This video is about 5 minutes long, but if you are interested in using the new relational platforms (e.g. Facebook, Twitter) on the Web to market yourself or your business, then it is worth your time. If you show up on these new platforms with your worn out advertising and marketing tactics you are not going to be successful. Unless you understand the new paradigm of marketing and its basic operating principles, you cannot fully leverage the power of Web 2.0, The Relational Web.
In this video, I discuss the following:
- Interruption vs. permission marketing
- Content and conversation
- Consistently contribute value - the new operating principle
Joe Pulizi (one of our SM@RT 2010 conference presenters) and Newt Barrett sum the new paradigm up nicely in their book "Get Content, Get Customers: Turn Prospects Into Buyers With Content Marketing":
Content marketing isn't about marketing in the old way.
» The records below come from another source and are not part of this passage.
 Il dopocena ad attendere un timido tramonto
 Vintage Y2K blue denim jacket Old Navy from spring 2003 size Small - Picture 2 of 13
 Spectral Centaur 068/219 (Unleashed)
It isn't about intercepting and bothering prospective customers while they're doing something else. It isn't about intrusion at all. Content marketing is about getting customers to invite you to interact with them. It's about creating relationships that transcend transactions....The secret of content marketing is to put yourself in the customer's shoes and look for opportunities to simplify and improve her life. (p. xv).
The goal of the new paradigm of content and inbound marketing is to become a trusted resource of information and advice centered around your value. Never forget that we don't trust people we think don't care about us, so if you make yourself instead of your customers the center of your online universe, you will fail.
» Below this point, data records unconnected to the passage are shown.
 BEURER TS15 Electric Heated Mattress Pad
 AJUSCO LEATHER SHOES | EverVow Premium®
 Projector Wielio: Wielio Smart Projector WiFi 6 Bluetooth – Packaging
Never show up to sell. Always show up to contribute value and strive to be genuinely helpful. If you will do that, the sale will take care of itself and instead of closing one sale, you will close multiple sales.
Strangers become friends, friends become customers, and they spread the word about you and your business. If you understand and apply the new paradigm of marketing on these new platforms, they can be some of the "best damn marketing tools" (according to Tom Peters) you will ever use.